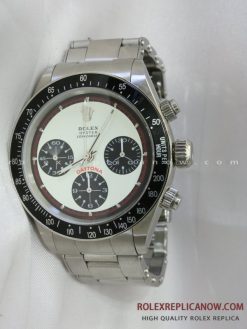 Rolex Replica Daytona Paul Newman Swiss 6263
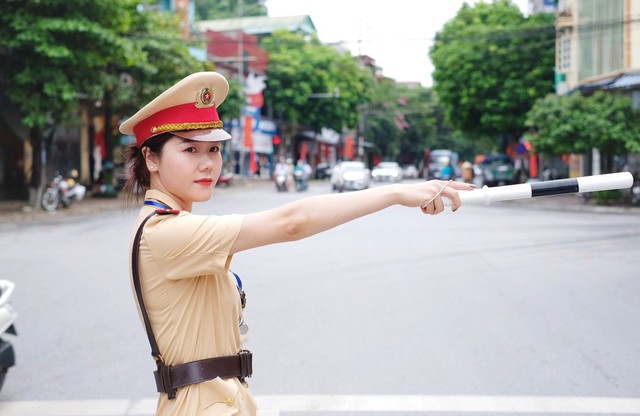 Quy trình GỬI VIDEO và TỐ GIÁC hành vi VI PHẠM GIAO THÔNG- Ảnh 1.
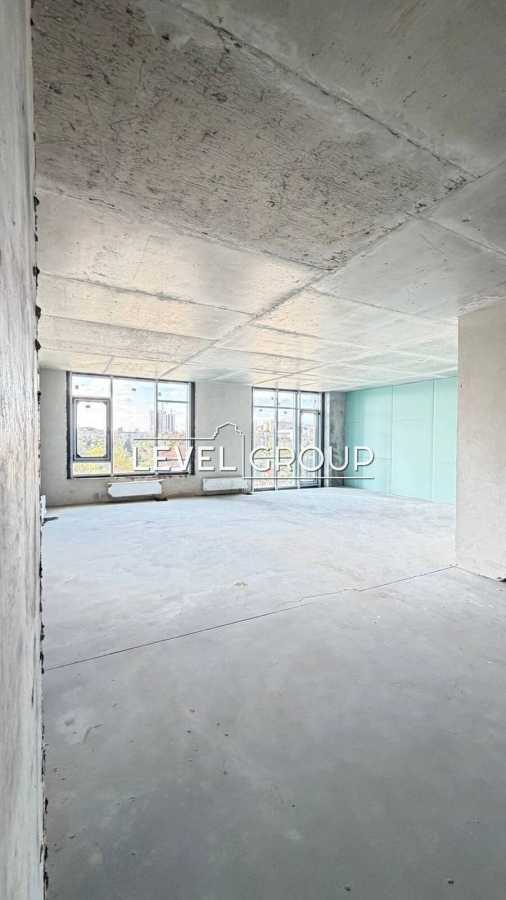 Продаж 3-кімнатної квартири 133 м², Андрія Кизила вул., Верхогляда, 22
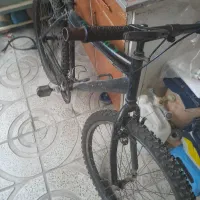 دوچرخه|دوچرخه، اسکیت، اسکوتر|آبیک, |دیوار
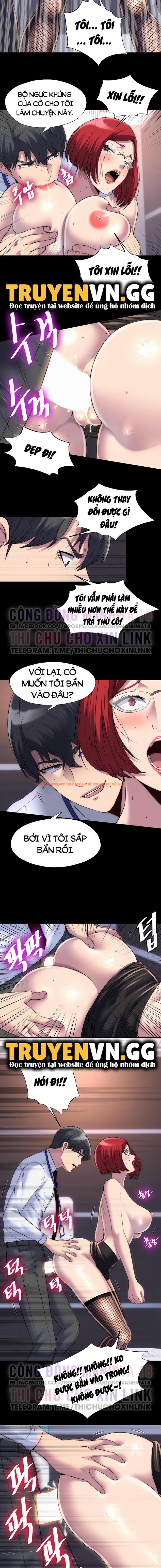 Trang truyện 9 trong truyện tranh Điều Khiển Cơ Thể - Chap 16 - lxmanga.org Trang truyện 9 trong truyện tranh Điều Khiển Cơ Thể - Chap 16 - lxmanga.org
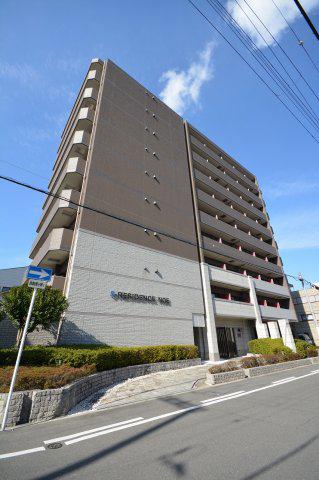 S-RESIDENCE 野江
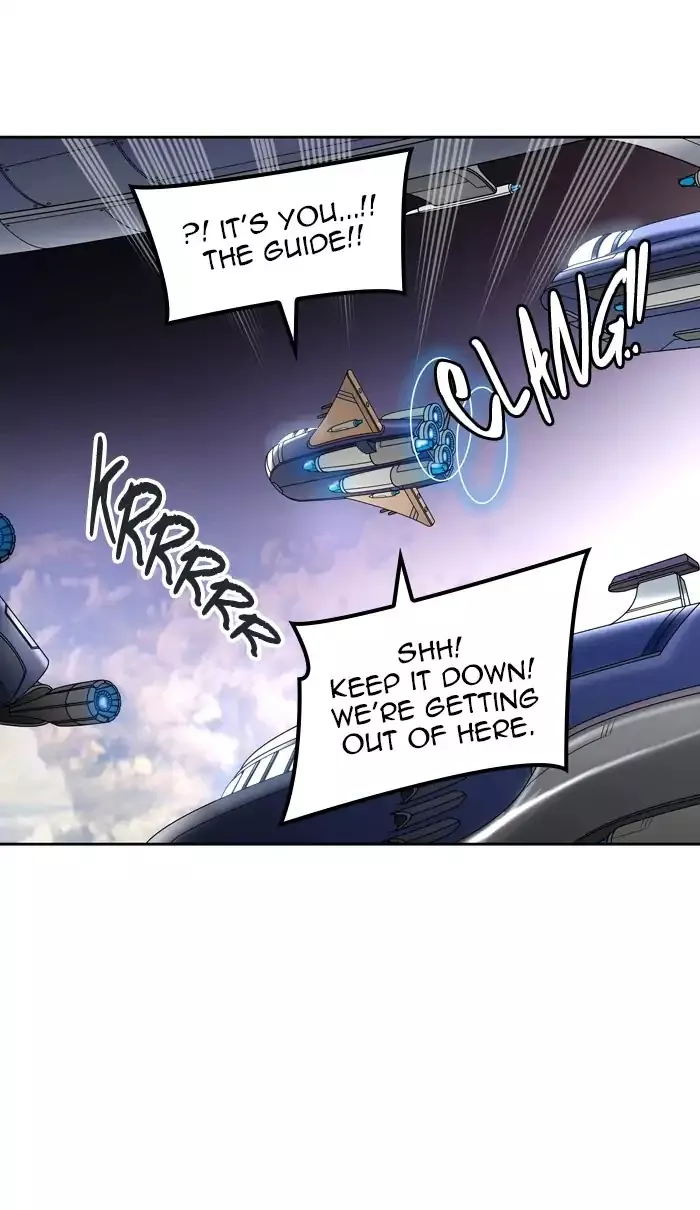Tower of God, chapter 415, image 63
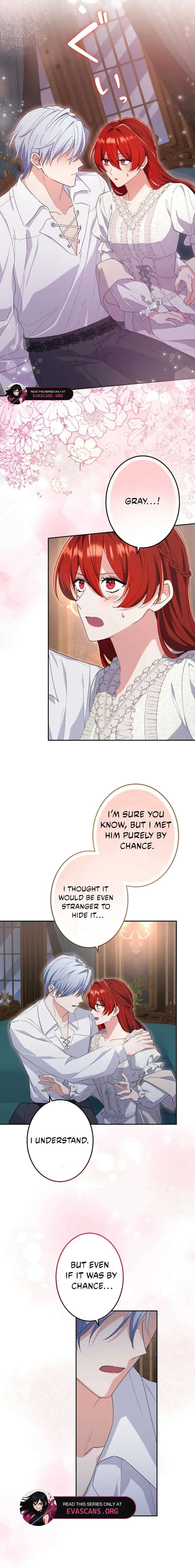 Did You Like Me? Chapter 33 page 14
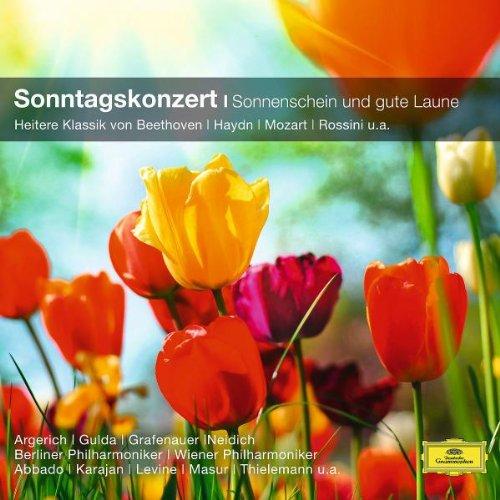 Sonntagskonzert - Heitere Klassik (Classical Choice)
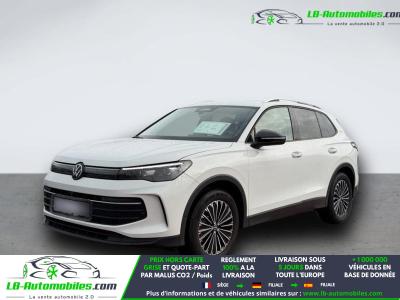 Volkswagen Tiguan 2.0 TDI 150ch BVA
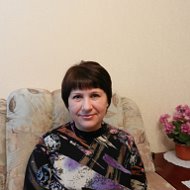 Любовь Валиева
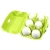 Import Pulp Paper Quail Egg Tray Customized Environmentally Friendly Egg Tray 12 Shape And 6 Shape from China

-*-

What the task requires: An exact copy of all the records is required, with the pictures omitted.

Response:
 Rolex Replica Daytona Paul Newman Swiss 6263
 Quy trình GỬI VIDEO và TỐ GIÁC hành vi VI PHẠM GIAO THÔNG- Ảnh 1.
 Продаж 3-кімнатної квартири 133 м², Андрія Кизила вул., Верхогляда, 22
 دوچرخه|دوچرخه، اسکیت، اسکوتر|آبیک, |دیوار
 Trang truyện 9 trong truyện tranh Điều Khiển Cơ Thể - Chap 16 - lxmanga.org Trang truyện 9 trong truyện tranh Điều Khiển Cơ Thể - Chap 16 - lxmanga.org
 S-RESIDENCE 野江
Tower of God, chapter 415, image 63
 Did You Like Me? Chapter 33 page 14
 Sonntagskonzert - Heitere Klassik (Classical Choice)
 Volkswagen Tiguan 2.0 TDI 150ch BVA
 Любовь Валиева
 Import Pulp Paper Quail Egg Tray Customized Environmentally Friendly Egg Tray 12 Shape And 6 Shape from China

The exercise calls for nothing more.